Coluna: “Cancelem o carnaval”: uma preocupação seletiva e racista

As redes sociais observam (ainda sem saber de onde vêm) uma escalada de postagens (algumas delas até mesmo patrocinadas) pedindo o cancelamento do carnaval de 2022 por prefeitos e governadores, apoiando-se numa perspectiva apocalíptica em relação a futuros casos de COVID-19 com a manutenção da programação das festividades. Nosso diálogo aqui não está interessado em advogar a favor da realização do carnaval passando por cima da ciência, uma vez que entendemos que quem garantirá ou não a realização da festa são os estudos e pesquisas de viabilidade e segurança sanitária. Somos provocados a rechaçar o oportunismo de muitos políticos e celebridades conservadoras em atacar uma manifestação popular cultural, política e comercial.

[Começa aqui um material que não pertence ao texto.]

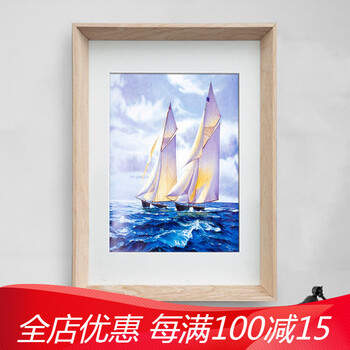 品牌直营 立体画框 简约创意立体实木相框A4A3 8K 4K16寸画框装裱海报广告拼 美式米白色 需要卡纸的顾客请联系在线客服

O carnaval é brincado de maneiras distintas Brasil afora, por isso, peço licença para refletir a partir das escolas de samba. Sobre elas, lembre-se que as comunidades não desfilaram em 2021 e muitos baluartes levantaram a voz e pediram respeito à ciência quando as autoridades buscavam encontrar algum “jeitinho” para realizar o evento.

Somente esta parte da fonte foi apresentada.